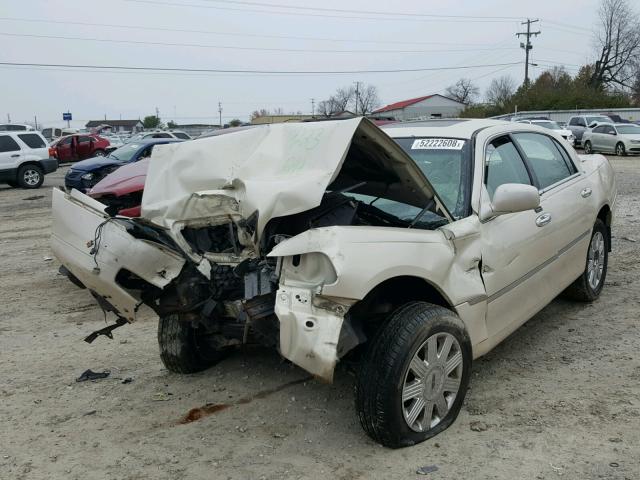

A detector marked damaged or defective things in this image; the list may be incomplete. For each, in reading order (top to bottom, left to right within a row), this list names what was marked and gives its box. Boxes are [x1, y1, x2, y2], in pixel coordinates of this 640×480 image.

crumpled hood [140, 119, 440, 248]
wrecked white sedan [53, 118, 616, 448]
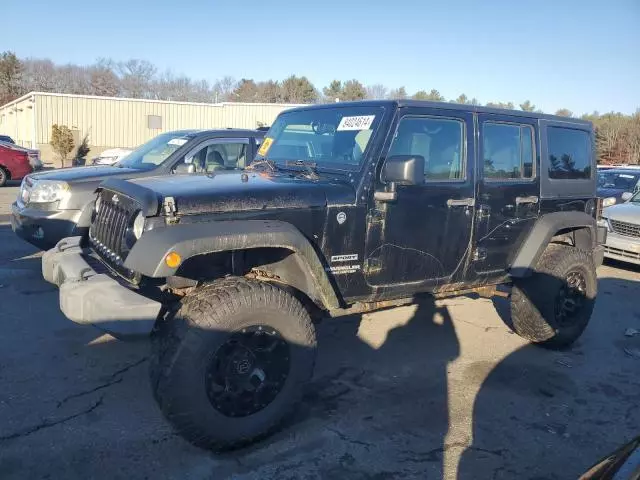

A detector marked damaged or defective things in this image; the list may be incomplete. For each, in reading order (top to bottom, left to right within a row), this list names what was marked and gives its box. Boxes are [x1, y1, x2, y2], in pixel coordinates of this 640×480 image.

pavement crack [55, 358, 148, 406]
pavement crack [0, 396, 104, 440]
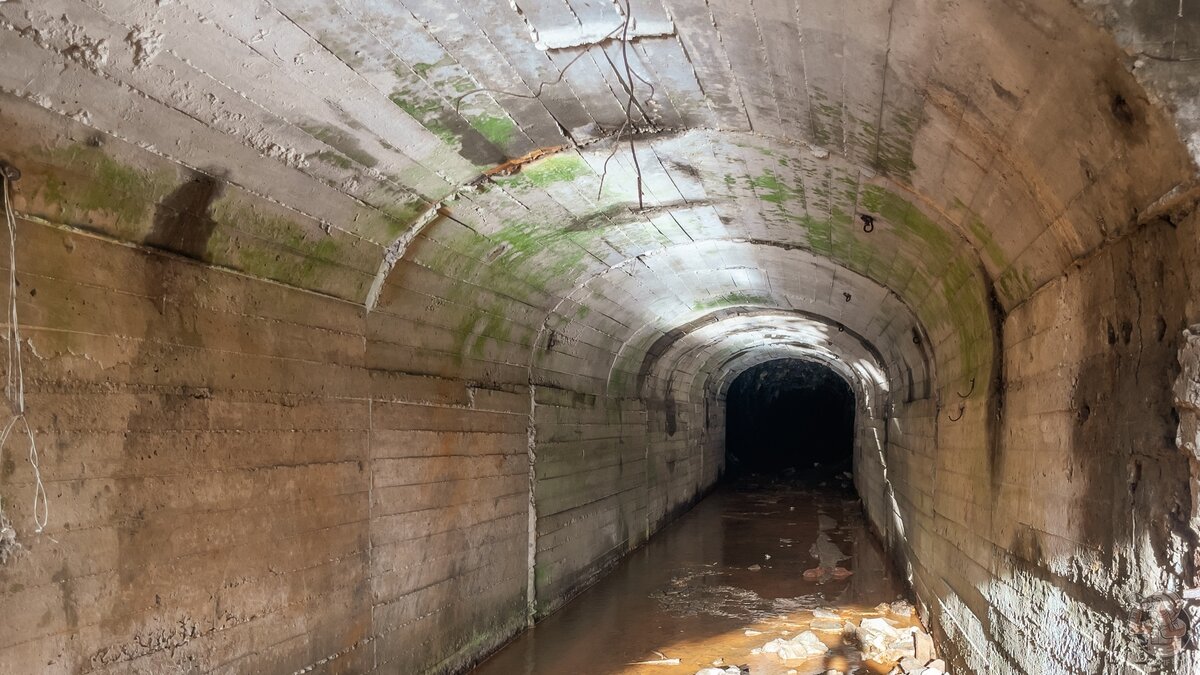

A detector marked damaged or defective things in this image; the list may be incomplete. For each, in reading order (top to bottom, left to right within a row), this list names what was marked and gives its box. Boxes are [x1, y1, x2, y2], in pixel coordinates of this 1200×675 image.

corroded iron fastener [0, 162, 20, 184]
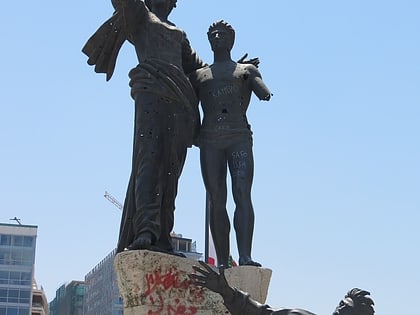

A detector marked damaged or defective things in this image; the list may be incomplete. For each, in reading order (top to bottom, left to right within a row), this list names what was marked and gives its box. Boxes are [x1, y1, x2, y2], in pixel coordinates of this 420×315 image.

damaged sculpture [82, 0, 205, 256]
damaged sculpture [190, 20, 272, 266]
damaged sculpture [189, 262, 376, 315]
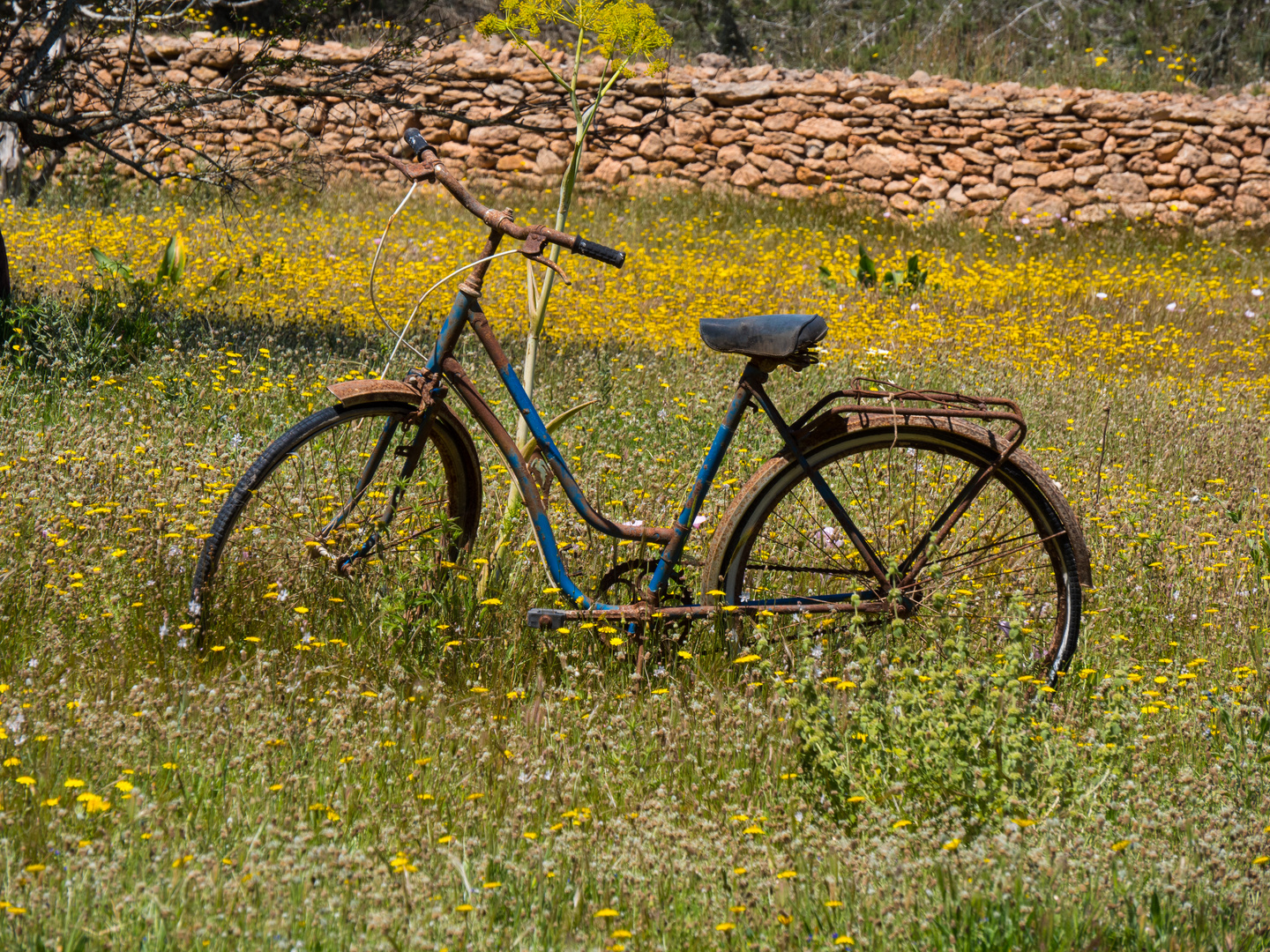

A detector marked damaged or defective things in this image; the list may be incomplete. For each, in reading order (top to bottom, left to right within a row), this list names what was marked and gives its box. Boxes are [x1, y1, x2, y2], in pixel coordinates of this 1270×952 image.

rusty bicycle [188, 130, 1092, 685]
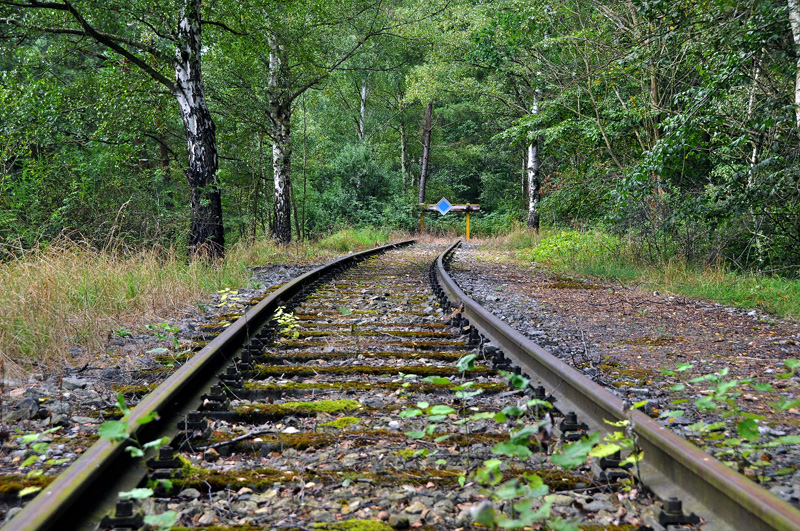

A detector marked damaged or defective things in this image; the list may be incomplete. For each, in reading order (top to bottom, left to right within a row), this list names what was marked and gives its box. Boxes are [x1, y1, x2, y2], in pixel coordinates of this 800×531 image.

rusty rail track [6, 242, 800, 531]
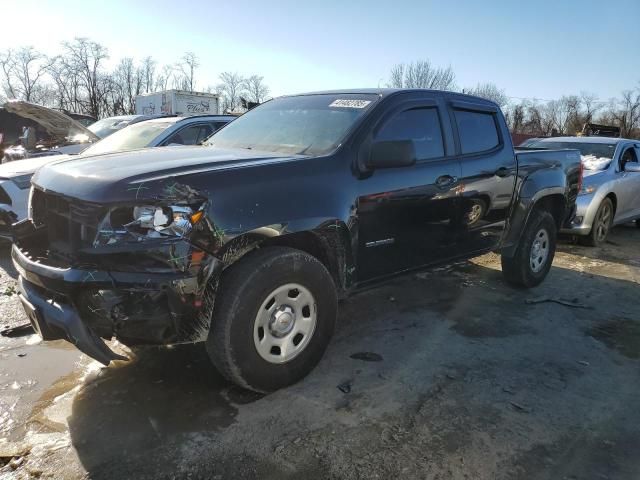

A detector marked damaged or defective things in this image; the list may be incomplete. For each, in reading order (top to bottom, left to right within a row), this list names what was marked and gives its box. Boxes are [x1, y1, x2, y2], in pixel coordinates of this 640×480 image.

crumpled front bumper [11, 242, 222, 366]
broken headlight [94, 203, 204, 246]
damaged black truck [10, 90, 584, 394]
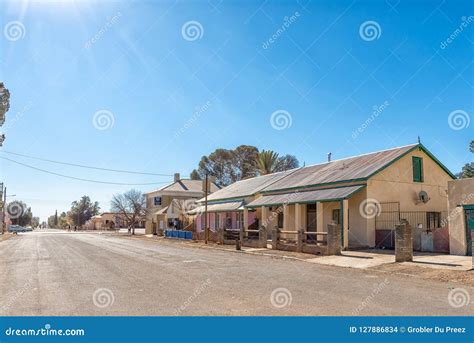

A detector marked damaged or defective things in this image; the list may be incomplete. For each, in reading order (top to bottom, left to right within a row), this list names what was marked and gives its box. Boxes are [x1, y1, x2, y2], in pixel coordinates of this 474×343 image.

rusty metal roof [262, 144, 418, 194]
rusty metal roof [246, 185, 364, 207]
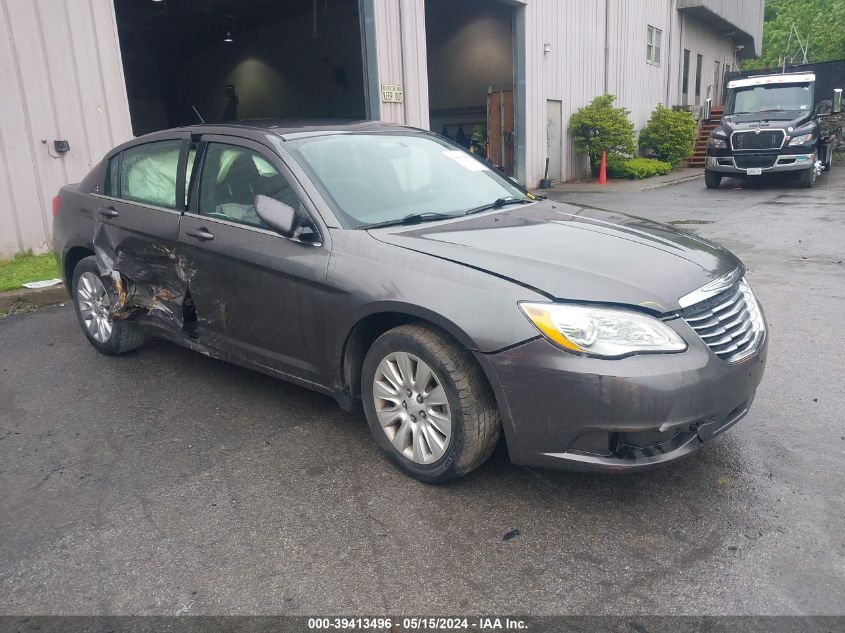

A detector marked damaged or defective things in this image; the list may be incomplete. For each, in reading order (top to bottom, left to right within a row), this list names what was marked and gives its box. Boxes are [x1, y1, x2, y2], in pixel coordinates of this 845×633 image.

dented front door [93, 134, 190, 330]
torn sheet metal [93, 218, 190, 326]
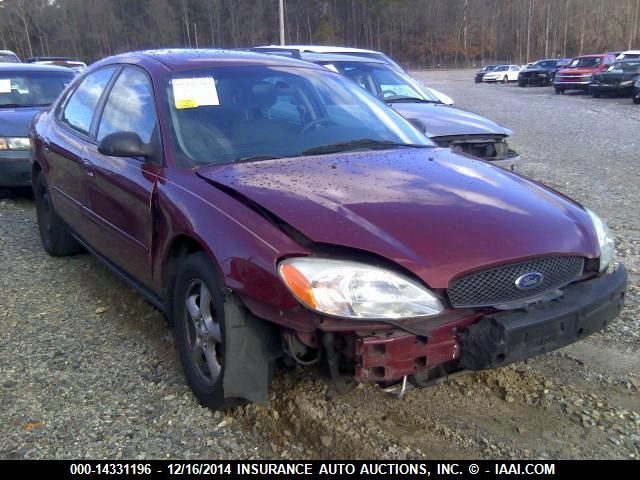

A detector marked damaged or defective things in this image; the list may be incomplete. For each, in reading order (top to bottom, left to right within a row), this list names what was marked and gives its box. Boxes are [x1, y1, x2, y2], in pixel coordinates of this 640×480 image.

dented hood [390, 102, 510, 138]
damaged front end [432, 135, 516, 171]
dented hood [196, 148, 600, 286]
broken headlight housing [584, 209, 616, 272]
broken headlight housing [278, 258, 442, 318]
front bumper missing [458, 264, 628, 370]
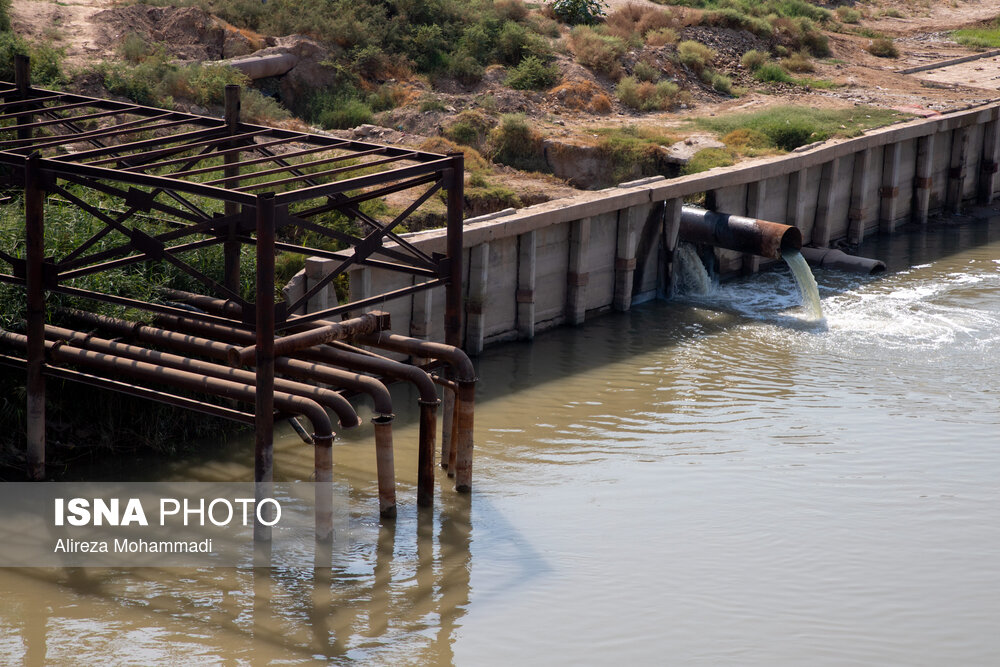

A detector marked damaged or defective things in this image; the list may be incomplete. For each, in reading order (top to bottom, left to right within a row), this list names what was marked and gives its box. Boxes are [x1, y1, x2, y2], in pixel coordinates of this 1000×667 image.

corroded drainage pipe [676, 206, 800, 258]
rusty metal pipe [676, 207, 800, 260]
corroded drainage pipe [800, 247, 888, 276]
rusty metal pipe [0, 328, 336, 438]
rusty metal pipe [45, 324, 364, 430]
corroded drainage pipe [45, 324, 364, 430]
corroded drainage pipe [64, 310, 402, 520]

====

> [EXERCISE DETAILS] Please restate the entries word for word, with all pictures left out.

> [REPLY TO THE EXERCISE]
A detector marked damaged or defective things in this image; the list may be incomplete. For each, in reading order (top to bottom, left to right within a row), this list names what was marked and gives its box. Boxes are [x1, y1, x2, y2], in pixel coordinates of this 640×480 image.

crumpled hood [140, 119, 440, 248]
wrecked white sedan [53, 118, 616, 448]

A detector marked damaged or defective things in this image; the list may be incomplete. For each, in reading order (top to bottom, left to right within a row), this list names what was marked and gives its box. Boxes are [x1, y1, x2, y2], in pixel coordinates of this 640×480 image.

pavement crack [55, 358, 148, 406]
pavement crack [0, 396, 104, 440]

A detector marked damaged or defective things in this image; the list may be incomplete. For each, in reading order (top to bottom, left to right within a row), this list names what was marked and gives its box. Boxes are [x1, y1, x2, y2], in pixel coordinates of this 1200×675 image.

corroded iron fastener [0, 162, 20, 184]

A detector marked damaged or defective things in this image; the list may be incomplete. For each, in reading order (top to bottom, left to right within a row), this list names what was marked and gives its box. Boxes are [x1, y1, x2, y2], in pixel coordinates of this 420×315 image.

damaged sculpture [82, 0, 205, 256]
damaged sculpture [190, 20, 272, 266]
damaged sculpture [189, 262, 376, 315]

A detector marked damaged or defective things in this image; the list may be incomplete. For each, in reading order (top to bottom, left to right within a row), this list names what was marked and gives its box. Boxes are [x1, y1, x2, y2], in pixel coordinates of this 1270×952 image.

rusty bicycle [188, 130, 1092, 685]

A detector marked damaged or defective things in this image; the list may be incomplete. For each, in reading order (top to bottom, left to right within a row), this list names what was marked and gives its box. Boxes are [x1, y1, x2, y2], in pixel coordinates of this 800×531 image.

rusty rail track [6, 242, 800, 531]

A detector marked damaged or defective things in this image; the list may be incomplete. For each, in reading order (top to bottom, left to right within a row), this list names what was marked and gives its box. Boxes are [x1, y1, x2, y2], in pixel coordinates of this 640×480 image.

crumpled front bumper [11, 242, 222, 366]
broken headlight [94, 203, 204, 246]
damaged black truck [10, 90, 584, 394]

A detector marked damaged or defective things in this image; the list may be incomplete. For each, in reading order (top to bottom, left to right within a row), this list names what was marked and gives its box. Boxes are [x1, y1, x2, y2], in pixel coordinates of this 474×343 image.

rusty metal roof [262, 144, 418, 194]
rusty metal roof [246, 185, 364, 207]

A detector marked damaged or defective things in this image; the list may be incomplete. For each, in reading order (top to bottom, left to right within a row), this list names what was marked and gives its box. Boxes are [x1, y1, x2, y2], in pixel coordinates of this 845×633 image.

dented front door [93, 134, 190, 330]
torn sheet metal [93, 218, 190, 326]

A detector marked damaged or defective things in this image; the list may be incomplete. For each, in reading order (top to bottom, left to right within a row), this list names what was marked and gives its box. Boxes are [x1, y1, x2, y2], in pixel coordinates of this 640×480 image.

dented hood [390, 102, 510, 138]
damaged front end [432, 135, 516, 171]
dented hood [196, 148, 600, 286]
broken headlight housing [584, 209, 616, 272]
broken headlight housing [278, 258, 442, 318]
front bumper missing [458, 264, 628, 370]

A detector marked damaged or defective things in this image; the list may be incomplete. For each, in reading order (top to bottom, left to right within a row), this list names what was marked and gives its box. Boxes are [x1, y1, x2, y2], in pixel coordinates of this 1000×667 image.

corroded drainage pipe [676, 206, 800, 258]
rusty metal pipe [676, 207, 800, 260]
corroded drainage pipe [800, 247, 888, 276]
rusty metal pipe [0, 328, 336, 438]
rusty metal pipe [45, 324, 364, 430]
corroded drainage pipe [45, 324, 364, 430]
corroded drainage pipe [64, 310, 402, 520]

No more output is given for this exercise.